Als „Stadt-Troubadour“, eine Art Bänkelsänger im fiktiven Provinzort Stars Hollow, flankierte Phillips mit eigenen und gecoverten Liedern an der Straßenecke die Geschichten von Tochter und Mutter Gilmore. Die tolle Stimme des 54-Jährigen haben Millionen Fans der in etlichen Staffeln gesendeten Serie also schon kennengelernt.
Doch Grant-Lee Phillips ist vor allem ein herausragender Studio- und Live-Musiker, der auch mit dem neunten Soloalbum seit „Ladies’ Love Oracle“(2000) nachhaltig überzeugt. Mehr noch: „Widdershins“erweist sich als sein stärkstes Werk seit den grandiosen 90er-Jahre-Platten mit der von ihm gegründeten Alternative-Rock-Band Grant Lee Buffalo.
Neue Dringlichkeit
Nach weniger zwingenden Alben bis zum soliden Countryrock-Abstecher „The Narrows“(2016) schien das Feuer etwas erloschen. Doch wie so viele US-Musiker hat Phillips nun mit der frustrierenden Präsidentschaft von Donald Trump in seinen Texten, aber auch im Sound eine neue Dringlichkeit entwickelt.
Songtitel wie „King Of Catastrophes“oder „Liberation“deuten schon an, dass dies eine politisch aufgeladene Platte ist. Zudem lässt der gebürtige Kalifornier seine Gitarre wieder wütender klingen, etwa im wuchtigen „Great Acceleration“.

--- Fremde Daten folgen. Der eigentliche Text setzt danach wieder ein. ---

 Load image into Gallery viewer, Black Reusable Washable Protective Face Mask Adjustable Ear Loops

Nicht zuletzt hat er einige der schönsten Melodien seiner rund 30jährigen Karriere im Gepäck, etwa die an Grammy-Gewinnerin Aimee Mann erinnernden Folkpop-Preziosen „Unruly Mobs“, „Totally You Gunslinger“und „History Has Their Number“. Es wird höchste Zeit, dass Phillips auch als Musiker endlich den verdienten Ruhm einheimst.